-- Data section follows --
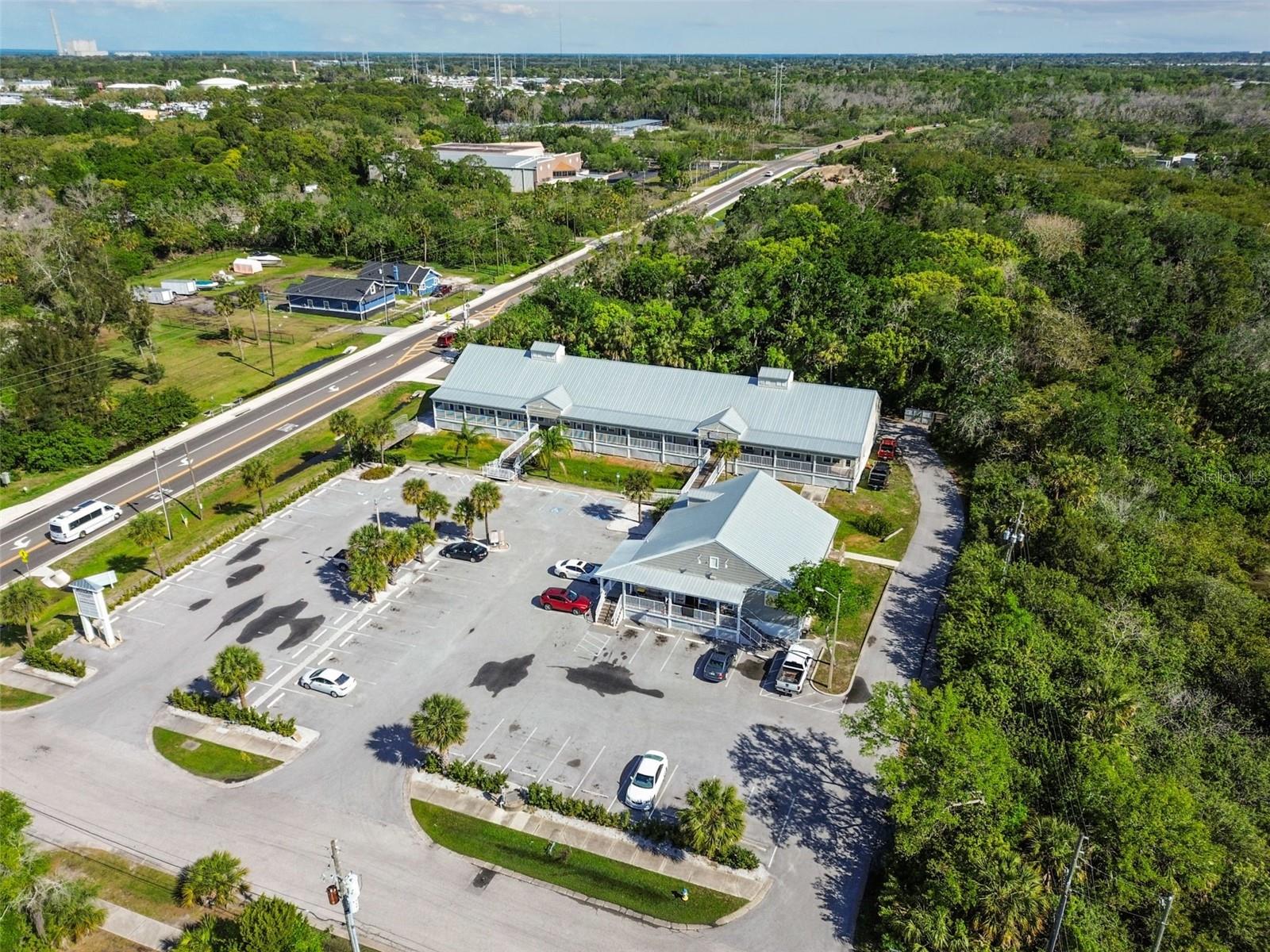 1208 N Pinellas Ave Property Photo 8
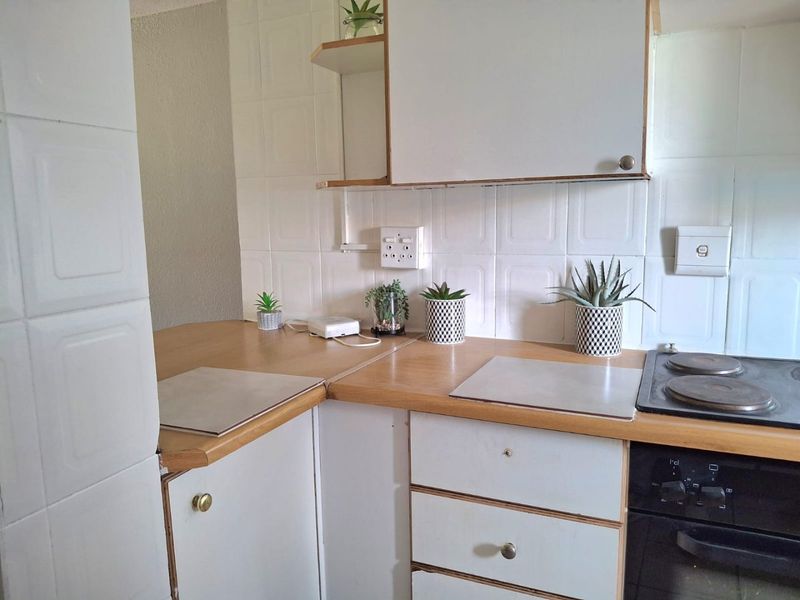 SPACIOUS 2 BEDROOM APARTMENTS AT ABOUT 90m2 FOR SALE R497 000 - Primrose Germiston - Photo 5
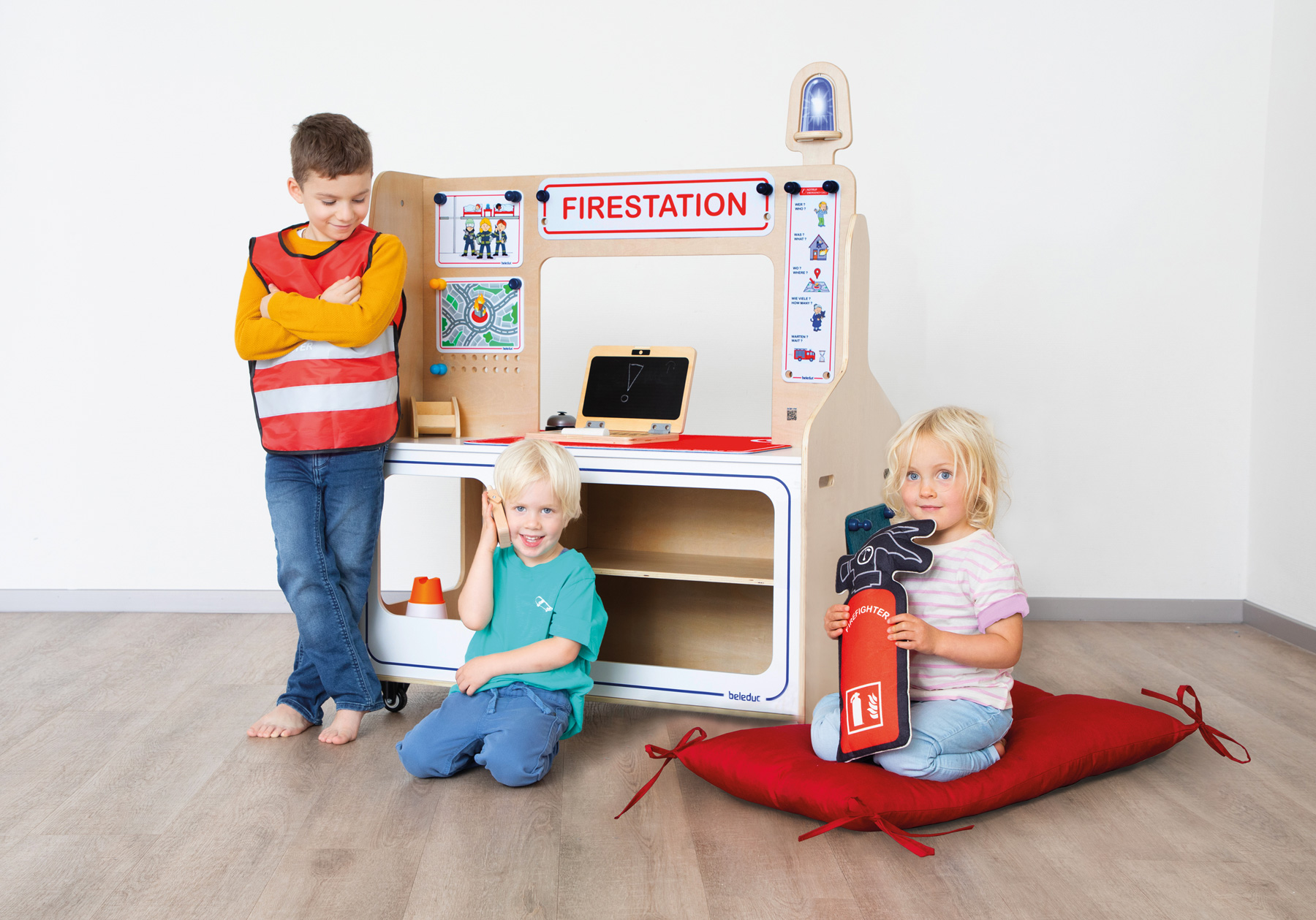 Rollenspielset Feuerwehr Polizei Polizei und Feuerwehr Rollenspielset Feuerwehr Polizei Polizei und Feuerwehr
-- Data section concluded --
## About this exercise
Reproduce each line above exactly, but not a single picture.

## Solved exercise
 1208 N Pinellas Ave Property Photo 8
 SPACIOUS 2 BEDROOM APARTMENTS AT ABOUT 90m2 FOR SALE R497 000 - Primrose Germiston - Photo 5
 Rollenspielset Feuerwehr Polizei Polizei und Feuerwehr Rollenspielset Feuerwehr Polizei Polizei und Feuerwehr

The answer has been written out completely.